The Computing Department of the OU is in the process of starting up a project which will get students to develop an OU course on a particular topic that the department does not currently teach; the course will use the OU’s VLE Moodle. The course will teach material on e-learning, teaching, clear writing and distributed working. It is envisaged that students would work as an OU course team in groups of five and at a certain point would work singly to develop a unit.
Our hope is that we can take the best of the material that has been produced and convert it into a presentable OU e-learning course.
This highly experimental course is a response to projects such as Wikipedia, WikiUniversity and activities such as blogging. It is highly experimental since it challenges many of the expectations that we have about course development at the OU...

(Rumours also tell of another approach to a student-generated course that is being explored in Social Sciences, this time using a model in which students must identify their own learning resources for use in a course in a rapidly changing area (such as climate change).)

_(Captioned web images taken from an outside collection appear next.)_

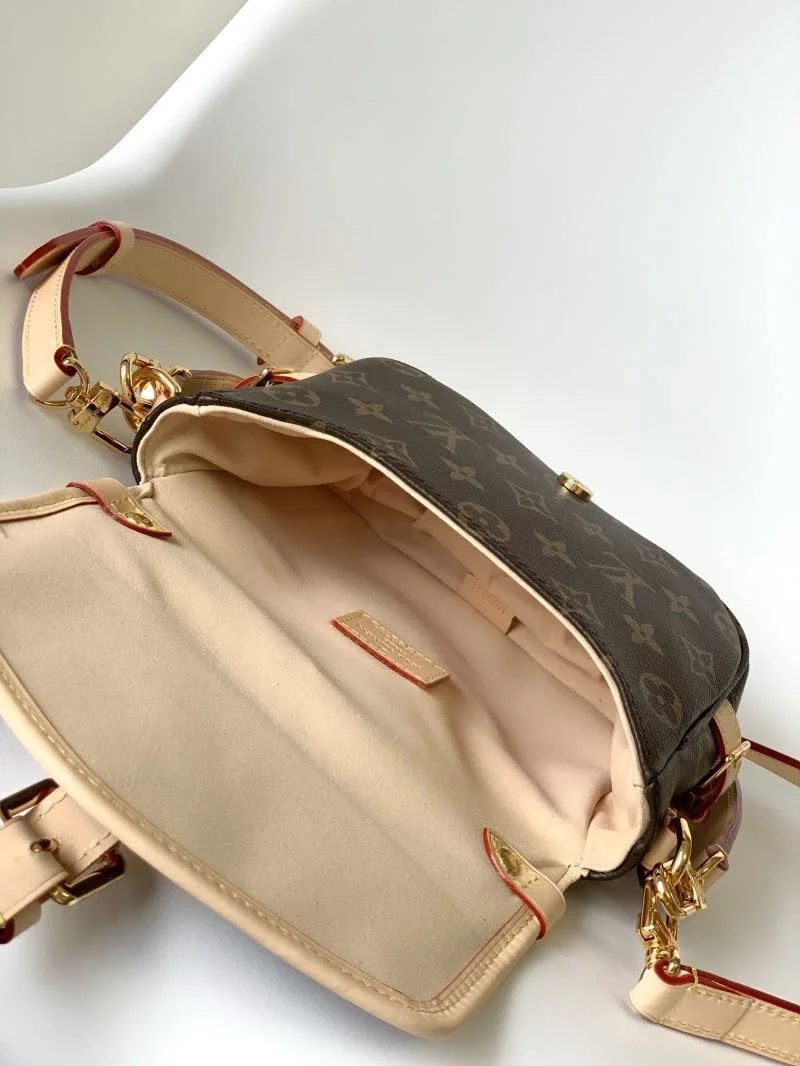 Louis Vuitton Satchel Bags Breathable 43362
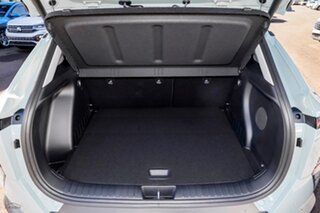 2025 Hyundai Kona SX2.V3 MY26 Premium 2WD Denim Blue 1 Speed Constant Variable Wagon
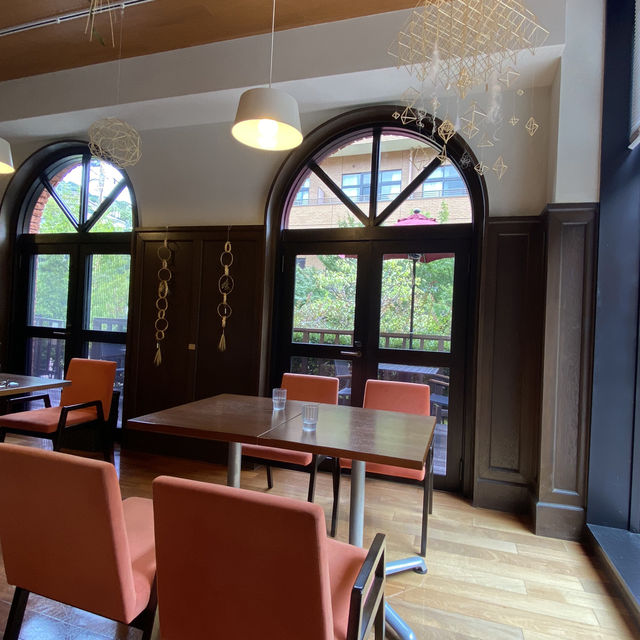 【湯河原】Museum Cafe and garden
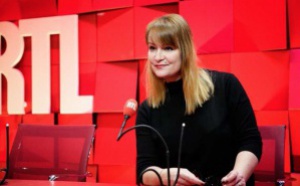 Adeline François quitte RTL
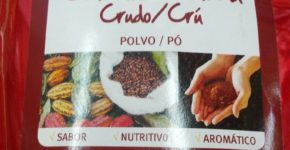 Cacao crudo en polvo Iswari aporta magnesio y antioxidantes.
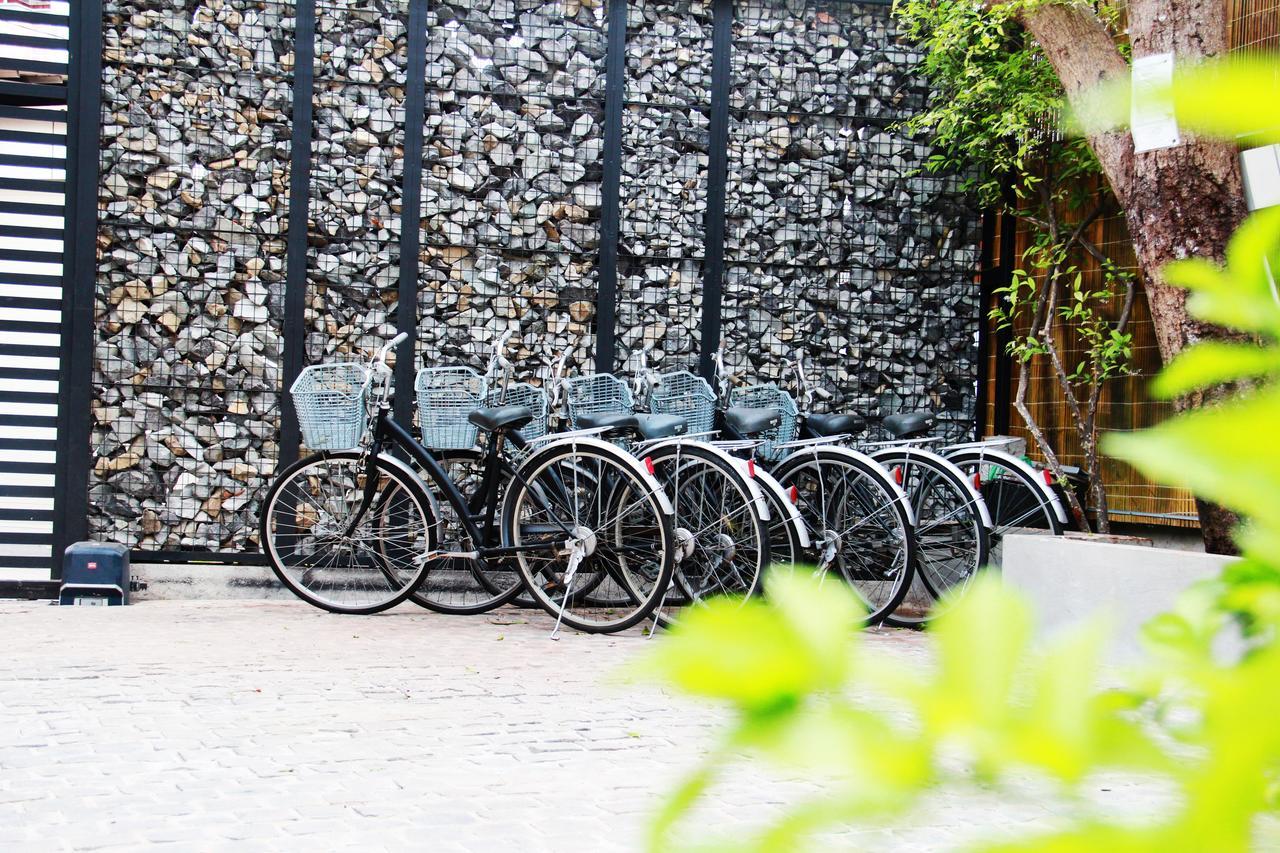 Green River Boutique Hotel Вунгтау Екстер'єр фото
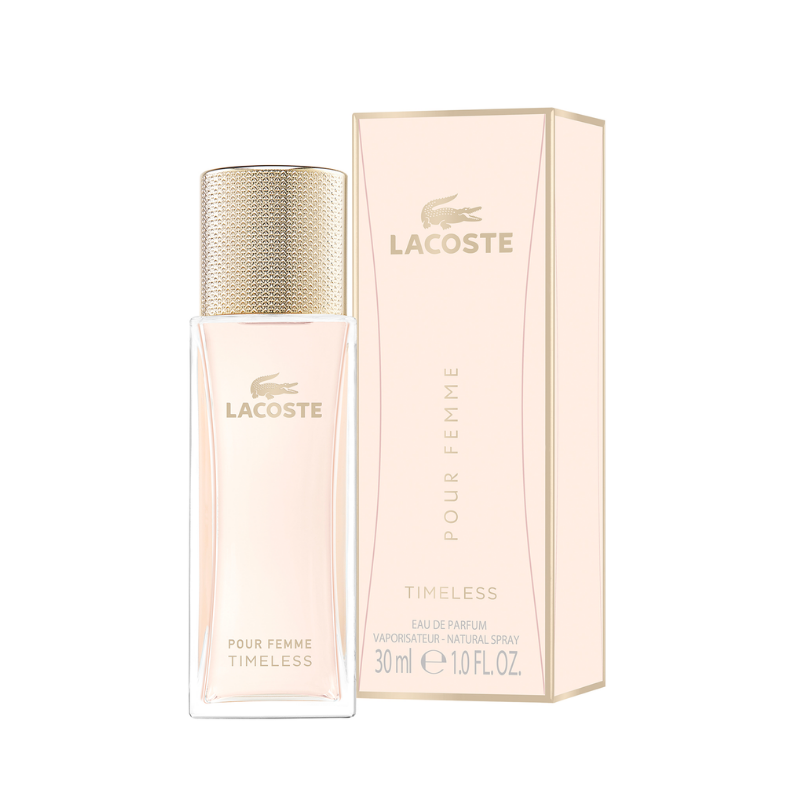Lacoste Pour Femme Timeless 30ml Edp Spray home comsetics shop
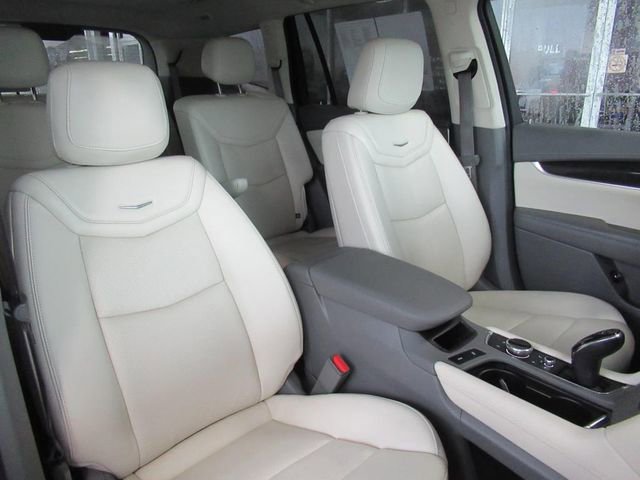 2021 Cadillac XT6 Premium Luxury photo 8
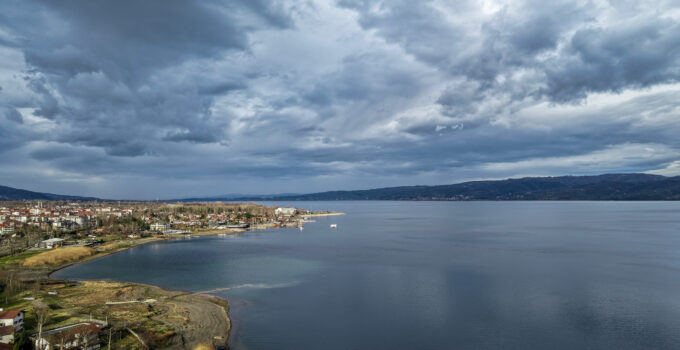 Sapanca Gölü’ne ‘koruma kalkanı’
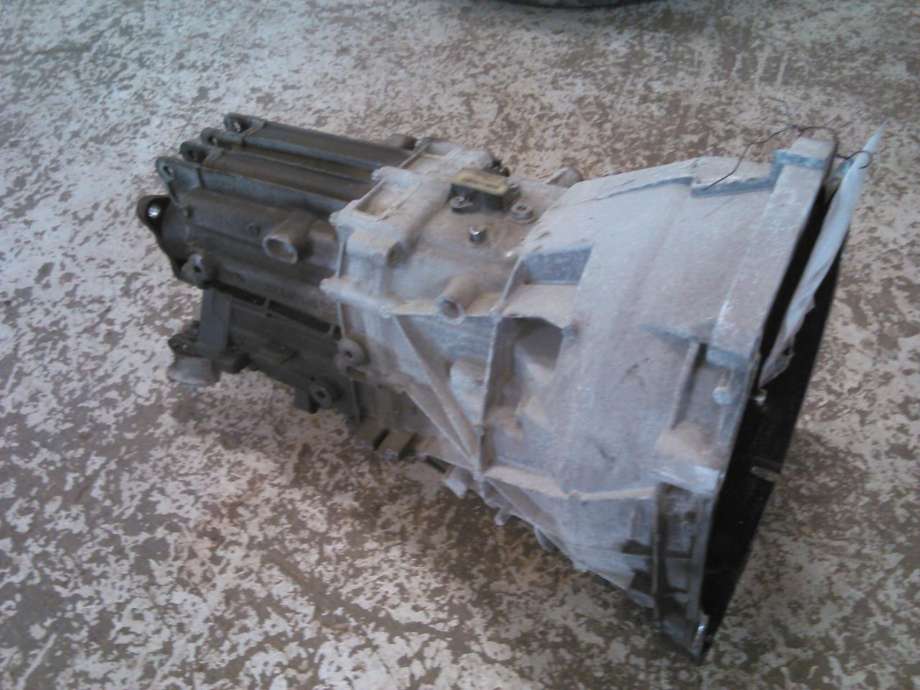 Girkasse manuell til BMW 3-Serie 2005-2011 (E90/E91/E92/E93) (E90/E91/E92/E93) 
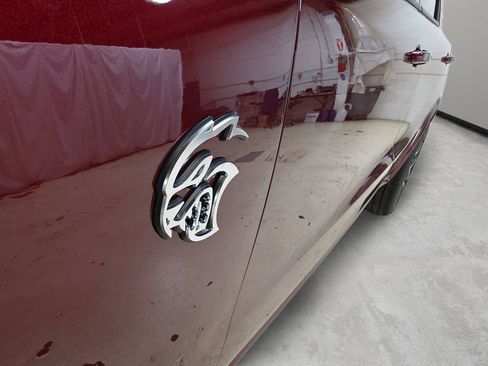 New 2026 Dodge Durango SRT Hellcat w/ 3rd Row Seating Group AWD/4WD image 12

And finally on the topic of games, there's a fulltime PhD postion going in IET for a project on Seventh Generation Games for Education:

The latest games consoles and handhelds hold exciting possibilities for rapid development of working games. But do such games offer anything new in educational terms? This studentship offers an opportunity to explore this question in relation to any curriculum area of your choosing, and any educational level of your choosing, from pre-school to university. Your proposal must outline an idea for an original game of innovative educational potential that you could prototype in no more than 8 weeks and with £2000 for equipment. During the MRes year, you would develop this prototype but you must also be prepared to spend six months learning about quantitative and qualitative research methods so that you can develop a robust plan for a formal educational evaluation of the prototype. You would conduct the evaluation over four weeks, identifying exactly what users learn. You would also need to write a well-referenced masters dissertation of at least 12,000 words that relates your research to the history of the educational evaluation of games and to common pedagogical frameworks. Progression from the MRes to the PhD is dependent on the quality of the dissertation and on the realistic educational potential of the idea.